**YOUR ASSIGNMENT:** Would you repeat the listing exactly, without any of its images?

**DATASET EXCERPT:**
+ + + + + + +

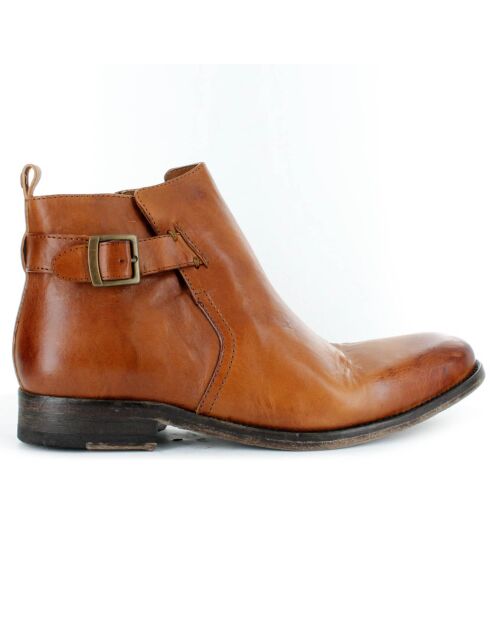 Bottines en Cuir Bora Bora cognac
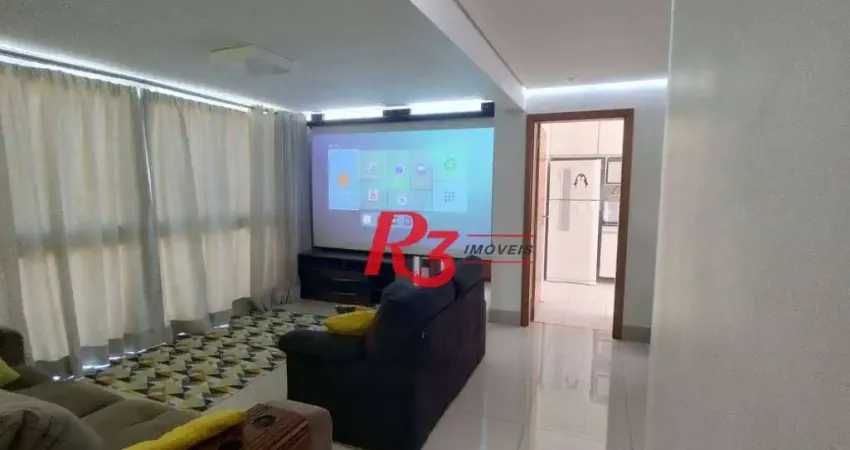 Apartamento com 3 dormitórios à venda, 104 m² por r$ 830.000,00 - marapé - santos/sp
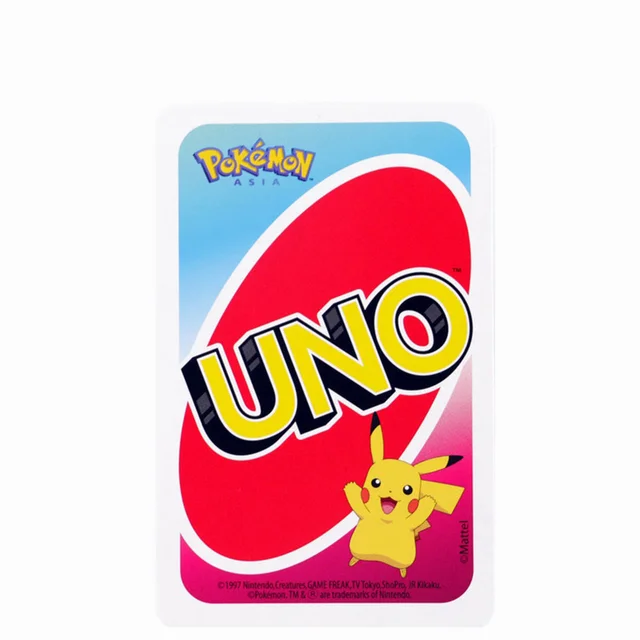 Mattel Pokemon Uno Poker Game Cards Party Family Uno Games Fun Card Poison Box Uno Card Game Toys Kid Gifts 3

+ + + + + + +

**ANSWER TO THIS PROBLEM:**
 Bottines en Cuir Bora Bora cognac
 Apartamento com 3 dormitórios à venda, 104 m² por r$ 830.000,00 - marapé - santos/sp
 Mattel Pokemon Uno Poker Game Cards Party Family Uno Games Fun Card Poison Box Uno Card Game Toys Kid Gifts 3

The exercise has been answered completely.